Shui On Land plans US dollar bond next year

The dollar deal will follow on the back of an offshore renminbi bond that the property developer will start marketing today. The two transactions are expected to raise a combined $600 million.

Shui On Land is expected to start a roadshow for an offshore renminbi bond in Hong Kong today. The roadshow will continue to Singapore tomorrow and to London on Wednesday, with pricing expected by the end of this week. Deutsche Bank, Standard Chartered and UBS are joint bookrunners.

The company is also planning a US dollar bond, which it is expected to launch in the first or second quarter of 2011 via the same bookrunners, according to a source.

Shui On Land is the flagship property developer of the Shui On Group in mainland China. It is headquartered in Shanghai and listed on the Hong Kong stock exchange.

Shui On Land’s renminbi bonds will be US-dollar settled and it is believed to be the first issuer to sell a synthetic offshore renminbi bond in the public markets. Elsewhere in Asia, the Republic of the Philippines and Philippine oil refiner Petron Corp have issued US-dollar settled peso-denominated bonds to offshore investors in the public market.

According to a source, Shui On Land has assets in US dollars and wants to keep its liabilities in dollars.

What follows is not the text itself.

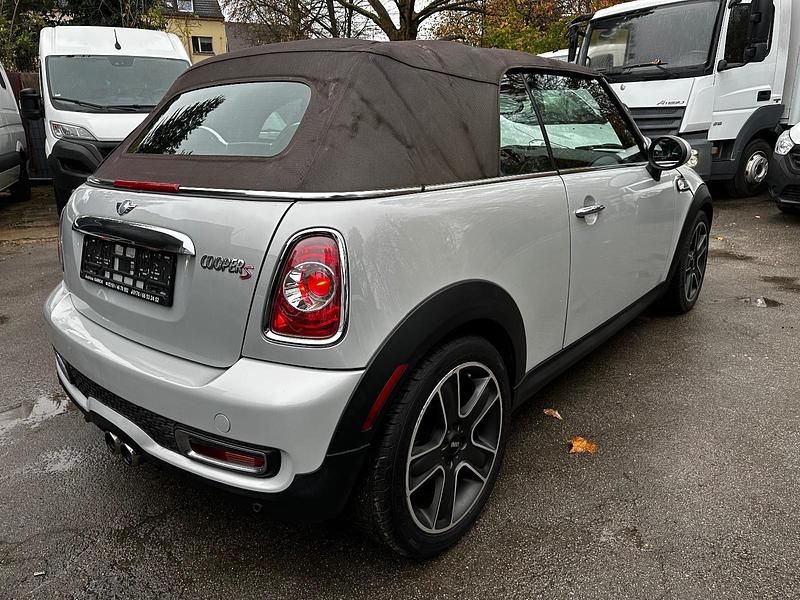 Gebraucht Mini Cooper S Cabriolet 184 PS (135 kW) 2012 Grau Cabrio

Shui On Land is the latest company to jump on the bandwagon to tap the rapidly flourishing dim sum bond market, as the offshore renminbi bond market in Hong Kong is known. Keen to diversify out of US dollar bonds and to gain exposure to the appreciating Chinese currency, investors have ploughed into such bonds. This has driven the cost of funding down for issuers.

And a growing number of issuers are eyeing the dim sum bond market. Korea Development Bank (KDB) has mandated Deutsche Bank and HSBC for an offshore renminbi bond to raise up to $150 million equivalent.

KDB, which is wholly owned by the Korean government, is expected to be the first Korean bank to tap the dim sum market. If its cost of funding is competitive, other Korean banks such as Industrial Bank of Korea could follow its lead.

Last week, two new issuers tapped the market and were warmly welcomed by investors. Macau casino operator Galaxy Entertainment priced the first high-yield offshore renminbi bond.

The gaming company closed a Rmb1.38 billion ($207 million) three-year Reg-S bond last Thursday amid exuberant demand. The deal was more than 10 times subscribed with Rmb13.5 billion worth of orders, allowing it to be upsized from Rmb1 billion.

The bonds were issued at par and promptly traded up to 101.25 last Friday morning (Hong Kong time). The coupon was fixed at 4.625%, well inside the price whisper at the 5% area +/- 12.5bp. The issue is unrated.

Asian accounts took up 97% and Europe the remaining 3%. By investor type, fund managers bought the bulk, or 47%, banks 33%, private banks 17% and others 3%. The deal priced following a two-day roadshow in Asia and drew robust support from real money accounts, bank treasury accounts and private banks. There was participation from more than 80 investors.

Bank of America Merrill Lynch, BOC International, HSBC and UBS were joint bookrunners.

Meanwhile, VTB Bank, became the first Russian issuer to tap the dim sum market when it closed its Rmb1 billion ($150 million) three-year senior unsecured Reg S bond last week. VTB Bank is the second largest bank in Russia by assets, loans and deposits.

The deal was seven times subscribed and the coupon was fixed at 2.95%, at the tight end of revised price guidance of 3% area. The bonds were offered at par.

By geography, Asian investors took up 90% and others 10%. Within Asia, Hong Kong bought 54%, Singapore 32% and the rest of Asia 4%. Fund managers took up the lion’s share (51%), followed by retail (32%), corporate (9%) and banks (8%).

HSBC and VTB Capital were joint bookrunners. VTB Bank is rated Baa1/BBB/BBB (Moody’s/S&P/Fitch).

A slew of US and European issuers, particularly those with subsidiaries in the mainland, are also looking to issue dim sum bonds to meet their onshore funding needs. They are said to include the likes of Volkswagen, aluminium producer Rusal, Walmart and Toys “R” Us.

However, regulatory issues may hamper issuance from companies that want to remit funds raised back to the mainland.

“I think the renminbi offshore market will grow in 2011. There is a lot of demand for renminbi bonds, with investors looking to diversify out of US dollar bonds. The main question is whether issuers can obtain regulatory approval to remit renminbi funds back to China. The onshore market is very much the main event unless there is a change in regulations,” said Kenneth Poon, head of Asia-Pacific capital markets origination at Citigroup.